More studies would have to be done to be sure of anything, but this approach to understanding compensatory effects of GIRD is interesting, nonetheless. Instead of using biomechanics as a tool to change athlete’s movements closer to a single movement profile, this idea could be used to have them find a solution best for their individual movement constraints.
Group analysis of biomechanics gets a bad rep since technique is such an individual problem to solve. Many athletes have unique training and movement constraints, but creative group analyses like these will get the industry closer to where we can provide individual training prescriptions with motion capture assessments like the ones used at Driveline.
Comparative Pitching Biomechanics Among Adolescent Baseball Athletes: Are There Fundamental Differences Between Pitchers and Non-pitchers?
Biomechanical comparisons between how pitchers and position players throw are rare, if not non-existent. Dr. Bullock et al. at Wake Forest took a look at how pitchers’ and non-pitchers’ throwing mechanics differ. Sixty youth baseball players with a mean age of 15 years old participated in a motion capture assessment with force plates installed in the mounds.
Each athlete threw three different pitch types classified as either fastballs, breaking balls, or changeups. The designation of pitchers vs. non-pitchers was determined by the players, parents, and coaches based on athletes who pitched often or who pitched very rarely.
The authors compared eight kinematic and three kinetic measures between 20 non-pitchers and 40 pitchers. They found that based on their chosen level of statistical significance, only maximum ground reaction force and maximum torso rotation velocity were significantly different between pitchers and non-pitchers, with pitchers exhibiting more of both metrics than non-pitchers. Both effect sizes were moderate.
Despite the difference in experience between the groups, there was barely any different in mechanics. This is both interesting and more or less supports the idea that youth athlete’s don’t need to be pitching before they are in high school to have the capacity to become pitchers later on in their career. These findings won’t necessarily change the way that we train youth baseball players but if interesting nonetheless. It would be interesting to test a wider range of ages and development levels in baseball to understand 1. if the mechanics of pitchers and non-pitchers begin to diverge (become more different) at higher levels of play and 2. what level of play does that start to happen. We might just have to add it to our study docket!
Can Machine Learning with IMUs Be Used to Detect Different Throws and Estimate Ball Velocity in Team Handball?
Workload monitoring in baseball is becoming more popular as groups create new ways of capturing proxies for training and in-game stimulus including the use of ball tracking technologies that measure proxies for intensity like ball velocity.
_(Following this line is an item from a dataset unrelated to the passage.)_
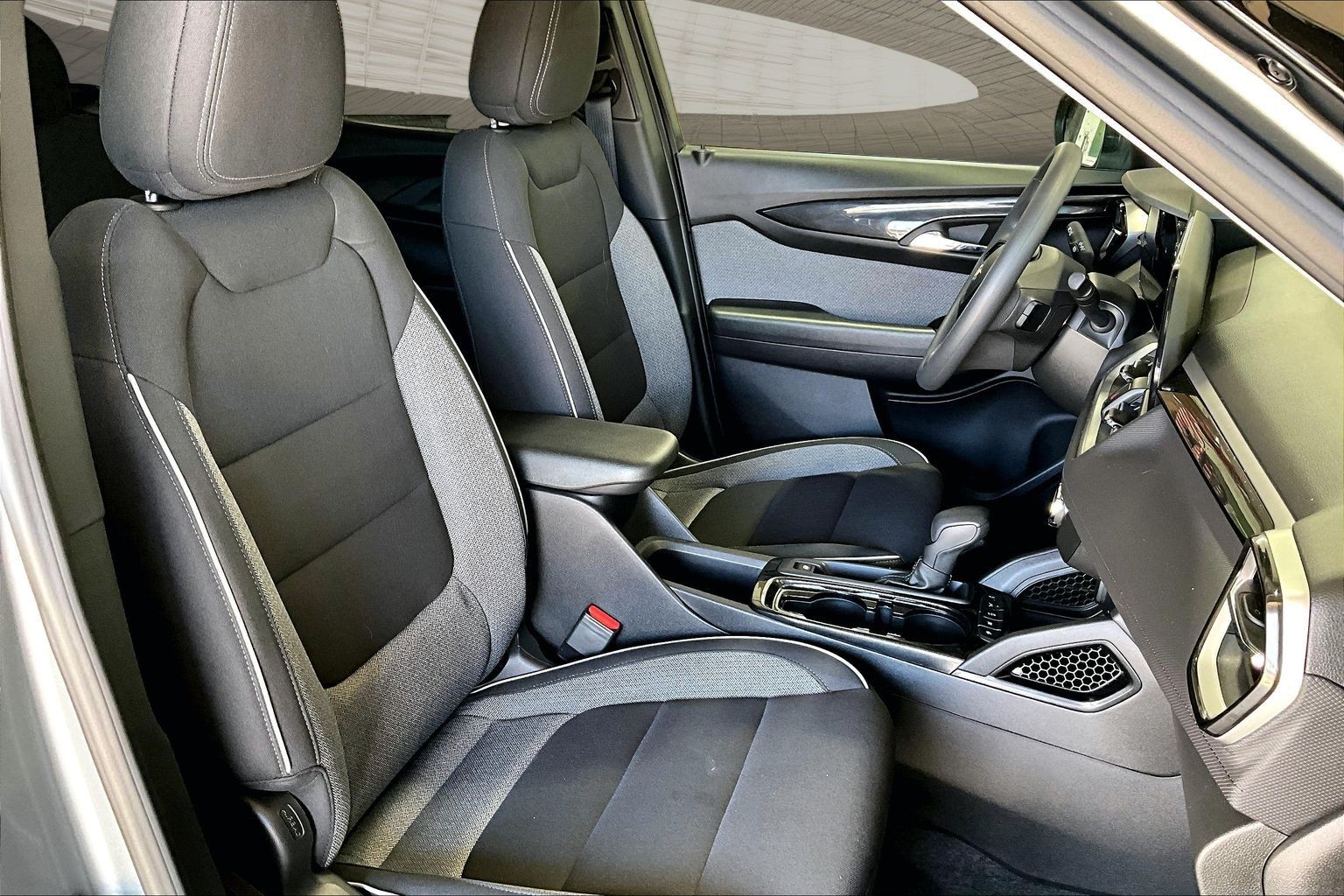 2026 Chevrolet Trailblazer LS - Photo 12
The other primary way for measuring workload that we have discussed in the past is the use of sensors such as the MotusTHROW.
The ball tracking technology solution is less viable in handball. Throws don’t always happen in the same location, making sensor-based workload monitoring increasingly important in handball. Researchers at Nord University in Norway experimented with sensor data and machine learning to try and predict velocity for workload monitoring.
The idea is that if they can predict velocity with the sensor data, then they have a good enough measure of throw intensity—which can be used to estimate a cumulative workload.
The group tested seventeen handball players executing two different throw types with several different throw approach strategies, including standing, running, or jumping approaches. They placed an IMU on the participants’ arms, measuring the ball velocity of the throws using a radar device. Four different machine learning models were created using the IMU data to predict throw type, approach type, and ball velocity. The models were able to identify the throw type and approach type with between 80 and 90% accuracy and the ball velocity with an average absolute error of between 1 and 1.5 m/s, with a mean velocity around 21 m/s.
The value here for handball players and coaches is not necessarily to accurately predict velocity or count how many different types of throws each player executed during training or in the games (though that could be valuable). Instead, it’s to have a good enough proxy to estimate the intent of each throw. Estimation of intent can be used in conjunction with throw count to come up with a workload value that can be monitored throughout training and in-game performances.
Although this study investigated a different sensor system than MotusTHROW and they weren’t looking specifically at elbow torque, this study highlights the feasibility of using sensors to paint a workload picture for coaches and athletes that can theoretically be used for improving performance and managing player health.